What this task involves
Output the entries exactly.

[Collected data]
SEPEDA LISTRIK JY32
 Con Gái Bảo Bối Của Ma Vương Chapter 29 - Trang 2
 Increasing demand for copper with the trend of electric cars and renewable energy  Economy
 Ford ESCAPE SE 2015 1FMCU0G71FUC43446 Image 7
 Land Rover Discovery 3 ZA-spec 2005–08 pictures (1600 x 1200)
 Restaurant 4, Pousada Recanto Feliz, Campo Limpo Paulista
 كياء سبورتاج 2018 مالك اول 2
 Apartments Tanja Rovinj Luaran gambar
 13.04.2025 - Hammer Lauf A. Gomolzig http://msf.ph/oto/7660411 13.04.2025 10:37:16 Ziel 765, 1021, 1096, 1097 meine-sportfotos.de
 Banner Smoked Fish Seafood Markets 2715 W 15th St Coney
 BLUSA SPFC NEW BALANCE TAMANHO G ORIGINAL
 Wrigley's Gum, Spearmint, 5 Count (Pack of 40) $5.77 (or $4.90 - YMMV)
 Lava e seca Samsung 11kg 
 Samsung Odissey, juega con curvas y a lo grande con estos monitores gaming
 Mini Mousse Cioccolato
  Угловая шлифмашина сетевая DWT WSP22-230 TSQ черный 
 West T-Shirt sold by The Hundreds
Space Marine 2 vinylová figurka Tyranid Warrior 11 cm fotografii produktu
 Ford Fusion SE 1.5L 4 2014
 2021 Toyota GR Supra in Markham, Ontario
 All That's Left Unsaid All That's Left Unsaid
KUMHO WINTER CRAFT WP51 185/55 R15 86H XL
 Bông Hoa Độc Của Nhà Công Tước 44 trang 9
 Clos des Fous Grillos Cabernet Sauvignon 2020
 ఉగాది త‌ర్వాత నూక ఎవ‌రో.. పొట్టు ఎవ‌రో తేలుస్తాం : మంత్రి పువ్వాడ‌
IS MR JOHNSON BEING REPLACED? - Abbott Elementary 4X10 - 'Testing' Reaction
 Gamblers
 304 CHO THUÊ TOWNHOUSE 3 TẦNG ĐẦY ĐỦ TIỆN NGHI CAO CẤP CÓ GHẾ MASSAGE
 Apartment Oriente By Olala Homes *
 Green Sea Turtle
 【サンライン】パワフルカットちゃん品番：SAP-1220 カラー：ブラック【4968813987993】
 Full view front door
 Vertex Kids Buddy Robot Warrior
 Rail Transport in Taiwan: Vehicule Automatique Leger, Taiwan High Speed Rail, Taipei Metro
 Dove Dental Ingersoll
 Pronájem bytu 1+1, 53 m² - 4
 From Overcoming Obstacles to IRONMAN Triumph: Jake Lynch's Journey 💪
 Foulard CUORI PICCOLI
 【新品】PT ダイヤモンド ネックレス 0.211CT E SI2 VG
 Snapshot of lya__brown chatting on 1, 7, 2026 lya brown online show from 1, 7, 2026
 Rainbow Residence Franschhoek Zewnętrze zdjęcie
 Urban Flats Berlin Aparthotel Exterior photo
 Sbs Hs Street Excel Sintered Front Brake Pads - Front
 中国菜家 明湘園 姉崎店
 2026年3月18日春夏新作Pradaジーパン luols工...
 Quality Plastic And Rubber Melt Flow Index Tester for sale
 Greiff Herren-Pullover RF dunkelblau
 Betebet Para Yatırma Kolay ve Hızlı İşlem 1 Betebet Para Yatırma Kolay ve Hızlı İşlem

Expected output
SEPEDA LISTRIK JY32
 Con Gái Bảo Bối Của Ma Vương Chapter 29 - Trang 2
 Increasing demand for copper with the trend of electric cars and renewable energy  Economy
 Ford ESCAPE SE 2015 1FMCU0G71FUC43446 Image 7
 Land Rover Discovery 3 ZA-spec 2005–08 pictures (1600 x 1200)
 Restaurant 4, Pousada Recanto Feliz, Campo Limpo Paulista
 كياء سبورتاج 2018 مالك اول 2
 Apartments Tanja Rovinj Luaran gambar
 13.04.2025 - Hammer Lauf A. Gomolzig http://msf.ph/oto/7660411 13.04.2025 10:37:16 Ziel 765, 1021, 1096, 1097 meine-sportfotos.de
 Banner Smoked Fish Seafood Markets 2715 W 15th St Coney
 BLUSA SPFC NEW BALANCE TAMANHO G ORIGINAL
 Wrigley's Gum, Spearmint, 5 Count (Pack of 40) $5.77 (or $4.90 - YMMV)
 Lava e seca Samsung 11kg 
 Samsung Odissey, juega con curvas y a lo grande con estos monitores gaming
 Mini Mousse Cioccolato
  Угловая шлифмашина сетевая DWT WSP22-230 TSQ черный 
 West T-Shirt sold by The Hundreds
Space Marine 2 vinylová figurka Tyranid Warrior 11 cm fotografii produktu
 Ford Fusion SE 1.5L 4 2014
 2021 Toyota GR Supra in Markham, Ontario
 All That's Left Unsaid All That's Left Unsaid
KUMHO WINTER CRAFT WP51 185/55 R15 86H XL
 Bông Hoa Độc Của Nhà Công Tước 44 trang 9
 Clos des Fous Grillos Cabernet Sauvignon 2020
 ఉగాది త‌ర్వాత నూక ఎవ‌రో.. పొట్టు ఎవ‌రో తేలుస్తాం : మంత్రి పువ్వాడ‌
IS MR JOHNSON BEING REPLACED? - Abbott Elementary 4X10 - 'Testing' Reaction
 Gamblers
 304 CHO THUÊ TOWNHOUSE 3 TẦNG ĐẦY ĐỦ TIỆN NGHI CAO CẤP CÓ GHẾ MASSAGE
 Apartment Oriente By Olala Homes *
 Green Sea Turtle
 【サンライン】パワフルカットちゃん品番：SAP-1220 カラー：ブラック【4968813987993】
 Full view front door
 Vertex Kids Buddy Robot Warrior
 Rail Transport in Taiwan: Vehicule Automatique Leger, Taiwan High Speed Rail, Taipei Metro
 Dove Dental Ingersoll
 Pronájem bytu 1+1, 53 m² - 4
 From Overcoming Obstacles to IRONMAN Triumph: Jake Lynch's Journey 💪
 Foulard CUORI PICCOLI
 【新品】PT ダイヤモンド ネックレス 0.211CT E SI2 VG
 Snapshot of lya__brown chatting on 1, 7, 2026 lya brown online show from 1, 7, 2026
 Rainbow Residence Franschhoek Zewnętrze zdjęcie
 Urban Flats Berlin Aparthotel Exterior photo
 Sbs Hs Street Excel Sintered Front Brake Pads - Front
 中国菜家 明湘園 姉崎店
 2026年3月18日春夏新作Pradaジーパン luols工...
 Quality Plastic And Rubber Melt Flow Index Tester for sale
 Greiff Herren-Pullover RF dunkelblau
 Betebet Para Yatırma Kolay ve Hızlı İşlem 1 Betebet Para Yatırma Kolay ve Hızlı İşlem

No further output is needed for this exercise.